Updated: Jun 16, 2023


Hi, I’m Susan from Sewfeet.com and today’s project is made with two squares of fabric and a special interlining material that gives it structure. This simple fabric tray is easy to sew and can be used to hold jewelry, bath items, loose change and almost any small items that need a home. I’m using mine to corral my favorite fabric paints that I use to embellish fabric and projects.


Supplies

Outer fabric: 11” square of quilting cotton

Inner fabric: 11” square of quilting cotton

10” square of Dec-Magic Fusible Non-Woven Interfacing

Open Embroidery Foot

Select Self Erase Marker

RNK Precision Turning Tool


Deco-Magic

The secret to the shape of this tray is the interlining material that gives it body and shape. This unique leather- like product is flexible and makes it easy to shape your fabric into projects such as purses, belts, hats, fabric boxes, etc. The fusible adhesive on Deco-Magic creates a permanent bond to the fabric and is needle friendly so you can stitch through it to embellish your fabric if desired.

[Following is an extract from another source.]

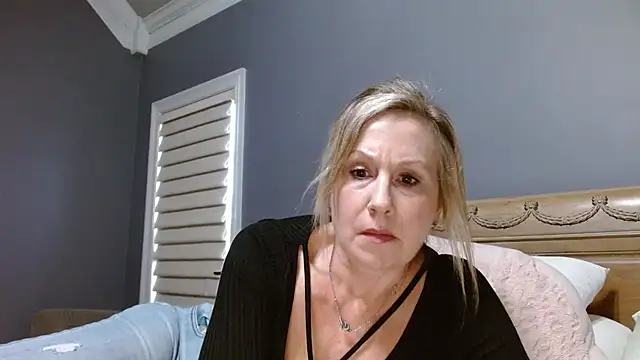 Lisaisluscious online show from 8, 10, 2025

Place the Deco-Magic square in the center of the wrong side of the outer fabric. You should have a ½” seam allowance extending beyond the Deco-Magic on all four sides. Tip: Cut your inner and outer fabric squares slightly larger than 11” and once you fuse the Deco-Magic in place, you can trim the excess fabric edges away, leaving a precise ½” extending beyond the Deco-Magic. There are two weights of Deco-Magic, I used the heavier one (still flexible) but if you need something a bit softer, try Deco-Magic Lite.




Stitching the Fabrics


Place the inner fabric with right sides together to the fused outer fabric. Stitch along all four sides, just out the Deco-Magic square. Leave a 5”-6” opening along one side. Tip: Place the edge of the Deco-Magic next to the inside toe of the presser foot. Move the needle position to the far right. The needle will drop on the fabric, making it easy to stitch along the edges of the interlining.



Turning the fabric


Trim each corner to reduce the bulk. Turn the fabric to the right side. It may seem a bit stiff but just turn it until it is right out.



Square Corners

I used the RNK Point Turner to push out the corners to make them square. The small round ball on the end lets you get into the point of the corner without punching through the fabric.




Edgestitching


Once the fabric is right side out, edgestitch along all four sides, closing the opening in the process. Guide the fabric in the same way as you did when stitching the fabric pieces together, using the inside toe of the foot as a guide.


Marking


Measure 1 ½” from one side and draw a line using a fabric marker. Repeat for the remaining three sides. I used the Quilters Select Self-Erase Marker. It is air-soluble and will fade in 1-2 days.



Stitching the Base

Fold one side to the toward the inner fabric along the marked line. Edgestitch the fold, starting 1 ½” from the outer edge of the fabric (the marked line) and stopping 1 ½” from the opposite edge (the marked line). Repeat for the remaining three sides.






Stitching the Corners

Fold one corner flat to form a point (as shown in the photo above), matching the marked lines. Stitch straight down (this will be along the marked line on the inner fabric) to the corner of the base. Repeat with the remaining three corners.


Optional Corner Finish

You can leave the tray as is with the extending triangle at each corner. I chose to flatten the triangles, pushing them to the corner of the tray, using fabric glue to hold them in place.